Re: COPY FREEZE and setting PD_ALL_VISIBLE/visibility map bits - Mailing list pgsql-hackers

From Andres Freund
Subject Re: COPY FREEZE and setting PD_ALL_VISIBLE/visibility map bits
Date
Msg-id 20190408010427.4l63qr7h2fjcyp77@alap3.anarazel.de
Whole thread Raw
In response to Re: COPY FREEZE and setting PD_ALL_VISIBLE/visibility map bits  (Andres Freund <andres@anarazel.de>)
Responses Re: COPY FREEZE and setting PD_ALL_VISIBLE/visibility map bits
List pgsql-hackers
Hi,

On 2019-04-04 21:04:49 -0700, Andres Freund wrote:
> On 2019-04-04 23:57:58 -0400, Tom Lane wrote:
> > Andres Freund <andres@anarazel.de> writes:
> > > I think the right approach would be to do all of this in heap_insert and
> > > heap_multi_insert. Whenever starting to work on a page, if INSERT_FROZEN
> > > is specified, remember whether it is either currently empty, or is
> > > already marked as all-visible. If previously empty, mark it as all
> > > visible at the end. If already all visible, there's no need to change
> > > that. If not yet all-visible, no need to do anything, since it can't
> > > have been inserted with COPY FREEZE.  Do you see any problem doing it
> > > that way?
> > 
> > Do we want to add overhead to these hot-spot routines for this purpose?
> 
> For heap_multi_insert I can't see it being a problem - it's only used
> from copy.c, and the cost should be "smeared" over many tuples.  I'd
> assume that compared with locking a page, WAL logging, etc, it'd not
> even meaningfully show up for heap_insert. Especially because we already
> have codepaths for options & HEAP_INSERT_FROZEN in
> heap_prepare_insert(), and I'd assume those could be combined.
> 
> I think we should measure it, but I don't think that one or two
> additional, very well predictd, branches are going to be measurable in
> in those routines.
> 
> The patch, as implemented, has modifications in
> RelationGetBufferForTuple(), that seems like they'd be more expensive.

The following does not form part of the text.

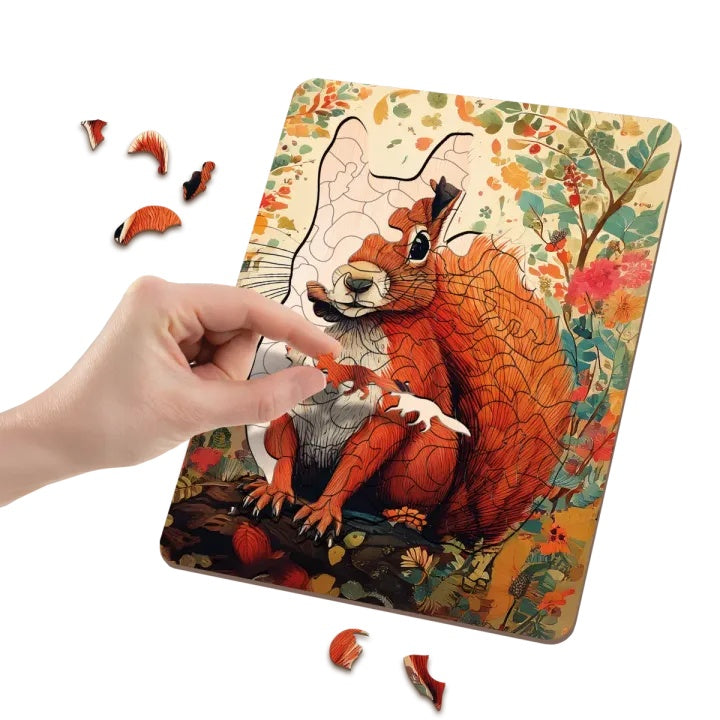 Složene drvene puzzle Veverica 130kom MOXY na stolu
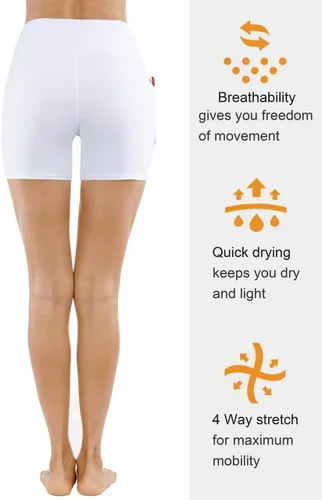 Miniatura 6 de THE GYM PEOPLE - Pantalones cortos de yoga para mujer, con cintura alta, control de abdomen y bolsillos profundos, para gimnasia, entrenamiento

Here's a *prototype* patch for this.  It only implements what I
described for heap_multi_insert, not for plain inserts. I wanted to see
what others think before investing additional time.

I don't think it's possible to see the overhead of the changed code in
heap_multi_insert(), and probably - with less confidence - that it's
also going to be ok for heap_insert(). But we gotta measure that.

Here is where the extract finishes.